Qui avvicinano due uomini che hanno una piccola borsa in mano: coincidono con la descrizione fatta dalla vittima del furto. Una volta bloccati dai militari però reagiscono, scatta una colluttazione e Mario viene colpito otto volte da un coltello: due i colpi che poi si rivelano fatali, uno al cuore e l'altro alla schiena. 

La corsa in ospedale e il tentativo disperato dei medici del Santo Spirito non danno l'esito sperato. "Ho provato a rianimarlo mentre era in pronto soccorso ma purtroppo non c'è stato nulla da fare. Ho perso un Carabiniere ma soprattutto un amico", racconta il luogotenente Sandro Ottaviani, comandante della stazione dei Carabinieri di Piazza Farnese, presso cui prestava servizio Mario Rega Cerciello.

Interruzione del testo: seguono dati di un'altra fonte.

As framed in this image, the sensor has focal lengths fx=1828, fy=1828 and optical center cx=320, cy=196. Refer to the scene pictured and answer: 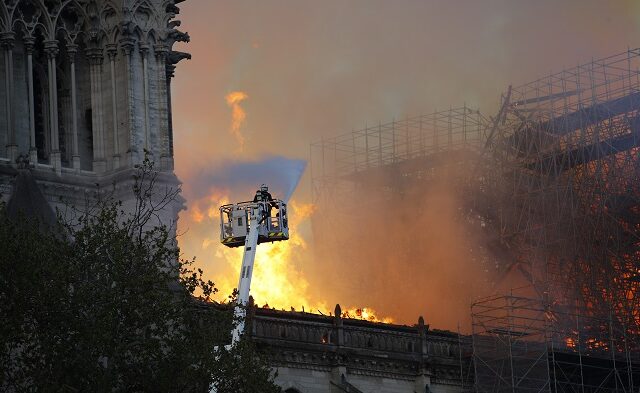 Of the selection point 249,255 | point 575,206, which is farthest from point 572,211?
point 249,255

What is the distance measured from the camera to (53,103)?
70875 mm

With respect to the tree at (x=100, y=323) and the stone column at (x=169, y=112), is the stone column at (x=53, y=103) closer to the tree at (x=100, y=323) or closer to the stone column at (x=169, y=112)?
the stone column at (x=169, y=112)

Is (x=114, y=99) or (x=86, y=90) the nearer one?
(x=114, y=99)

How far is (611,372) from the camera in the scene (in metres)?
73.5

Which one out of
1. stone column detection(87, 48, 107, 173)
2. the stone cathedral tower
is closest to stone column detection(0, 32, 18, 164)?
the stone cathedral tower

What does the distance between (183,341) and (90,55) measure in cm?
2459

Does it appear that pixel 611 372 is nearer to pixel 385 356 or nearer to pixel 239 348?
pixel 385 356

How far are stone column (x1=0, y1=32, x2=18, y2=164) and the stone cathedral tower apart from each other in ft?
0.12

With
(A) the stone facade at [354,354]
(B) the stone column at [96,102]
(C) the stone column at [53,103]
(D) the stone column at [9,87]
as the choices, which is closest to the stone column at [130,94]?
(B) the stone column at [96,102]

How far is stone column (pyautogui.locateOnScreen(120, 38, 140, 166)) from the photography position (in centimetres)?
7006

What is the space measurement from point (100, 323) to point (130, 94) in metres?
23.8

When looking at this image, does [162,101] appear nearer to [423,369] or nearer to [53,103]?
[53,103]

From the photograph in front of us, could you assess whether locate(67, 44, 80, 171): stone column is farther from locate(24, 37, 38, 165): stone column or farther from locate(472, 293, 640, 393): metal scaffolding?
locate(472, 293, 640, 393): metal scaffolding

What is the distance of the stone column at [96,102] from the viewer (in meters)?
71.4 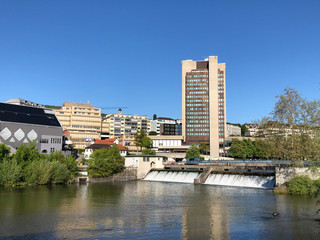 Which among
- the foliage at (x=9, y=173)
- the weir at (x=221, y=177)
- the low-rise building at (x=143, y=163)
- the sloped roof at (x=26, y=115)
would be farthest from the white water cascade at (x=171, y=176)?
the sloped roof at (x=26, y=115)

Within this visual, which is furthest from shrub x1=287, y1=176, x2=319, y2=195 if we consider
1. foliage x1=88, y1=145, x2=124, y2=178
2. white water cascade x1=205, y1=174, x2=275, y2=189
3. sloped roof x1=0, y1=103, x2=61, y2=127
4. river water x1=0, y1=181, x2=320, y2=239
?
sloped roof x1=0, y1=103, x2=61, y2=127

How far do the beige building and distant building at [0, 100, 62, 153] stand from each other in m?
74.1

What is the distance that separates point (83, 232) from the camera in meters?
27.7

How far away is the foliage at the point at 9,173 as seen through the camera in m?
59.2

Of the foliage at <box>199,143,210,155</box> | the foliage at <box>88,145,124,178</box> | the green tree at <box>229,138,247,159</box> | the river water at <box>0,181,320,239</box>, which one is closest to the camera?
the river water at <box>0,181,320,239</box>

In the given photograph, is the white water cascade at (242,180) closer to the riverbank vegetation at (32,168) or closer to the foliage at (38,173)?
the riverbank vegetation at (32,168)

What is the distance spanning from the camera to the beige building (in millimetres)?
170875

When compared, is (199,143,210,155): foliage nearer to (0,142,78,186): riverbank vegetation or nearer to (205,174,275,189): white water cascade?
(205,174,275,189): white water cascade

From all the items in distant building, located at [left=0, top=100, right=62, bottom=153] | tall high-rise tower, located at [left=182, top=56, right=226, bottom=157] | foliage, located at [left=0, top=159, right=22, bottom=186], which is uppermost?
tall high-rise tower, located at [left=182, top=56, right=226, bottom=157]

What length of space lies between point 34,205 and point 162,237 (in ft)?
73.9

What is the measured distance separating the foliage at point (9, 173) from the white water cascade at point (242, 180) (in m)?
41.5

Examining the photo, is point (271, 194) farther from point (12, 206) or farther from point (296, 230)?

Video: dove è stato ucciso il carabiniere

Mario Carciello Rega3-3

Come funziona il 'cavallo di ritorno' 

L'agguato è stata la tragica conseguenza di un tentativo di bloccare il così detto 'cavallo di ritorno'. Una sorte di estorsione nella quale il ladro, dopo il furto, contatta il proprietario della merce rubata per poi proporre uno scambio, sotto compenso, da effettuarsi in luogo e in data stabilita, con eventuali minacce intimidatorie al seguito.

A questo punto la vittima ha in genere tre opzioni: presentare denuncia alle forze dell'ordine, accettare lo scambio e presentarsi al luogo dell'appuntamento con la somma di denaro prestabilita oppure lasciar perdere. 

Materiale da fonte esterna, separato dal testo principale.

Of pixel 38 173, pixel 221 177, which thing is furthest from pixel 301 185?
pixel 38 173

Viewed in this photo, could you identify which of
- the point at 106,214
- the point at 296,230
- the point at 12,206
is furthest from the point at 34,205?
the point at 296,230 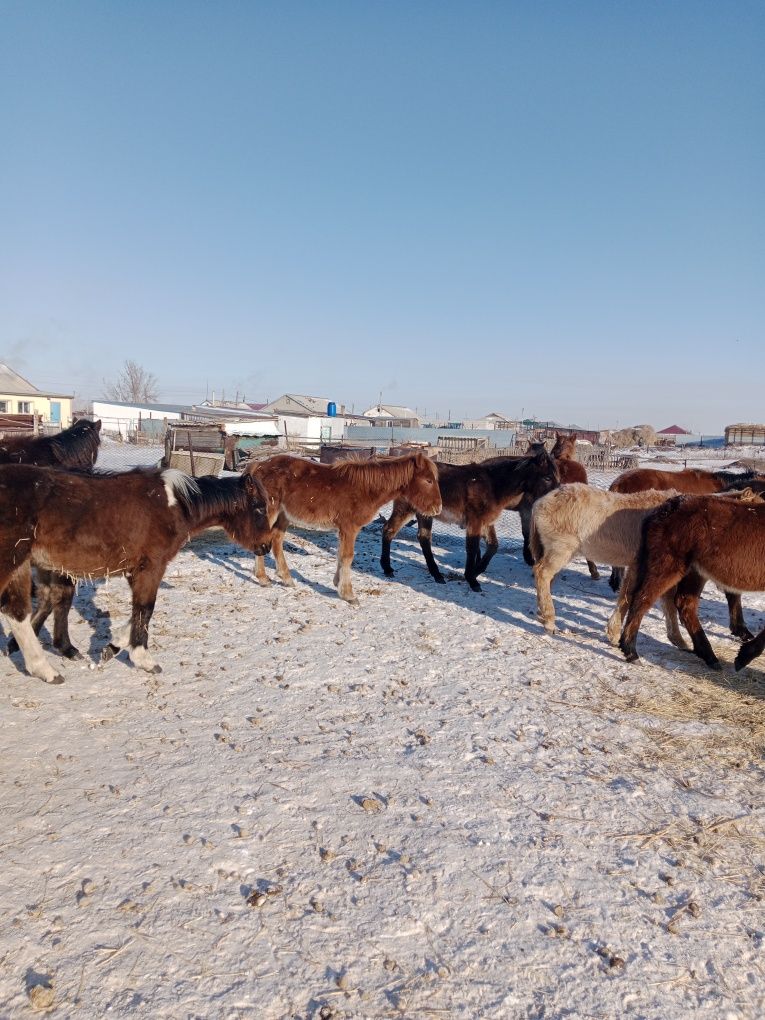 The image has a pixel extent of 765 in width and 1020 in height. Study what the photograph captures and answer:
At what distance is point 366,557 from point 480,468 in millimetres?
2673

Solitamente sono pratiche illecite che avvengono dietro compensi piuttosto bassi, come nel caso in via Pietro Cossa: un 'cavallo di ritorno' da 100 euro, tanto è costata la vita di Mario Rega Cerciello

Mario Carciello Rega4-3

Le indagini sul carabiniere ucciso a Roma

I militari dell'Arma non hanno mai smesso un minuto di indagare a 360 gradi utilizzando anche il racconto del collega di Mario Cerciello Rega e l'identikit divulgato tra tutte le forze dell'ordine che descrive i due aggressori, anche nei dettagli.

Al momento nessuno è in stato di fermo nonostante il via vai in caserma sia iniziato già dalle 10 del mattino di venerdì. Tutte le persone, tra sospettati e testimoni, frequentano le zone di Prati, Esquilino, Trastevere e centro storico. Tra loro anche un italiano, un albanese e due americani.

A supporto anche i Vigili del Fuoco che hanno ispezionato le grate e i tombini adiacenti all'hotel LeMeridien, quello che ospita le prime due persone portate in caserma, a caccia dell'arma usata per il delitto. La Procura di Roma ha aperto un fascicolo per omicidio. A coordinare le attività il procuratore facente funzioni Michele Prestipino, l'aggiunto Nunzia D'Elia e il pm Maria Sabina Calabretta.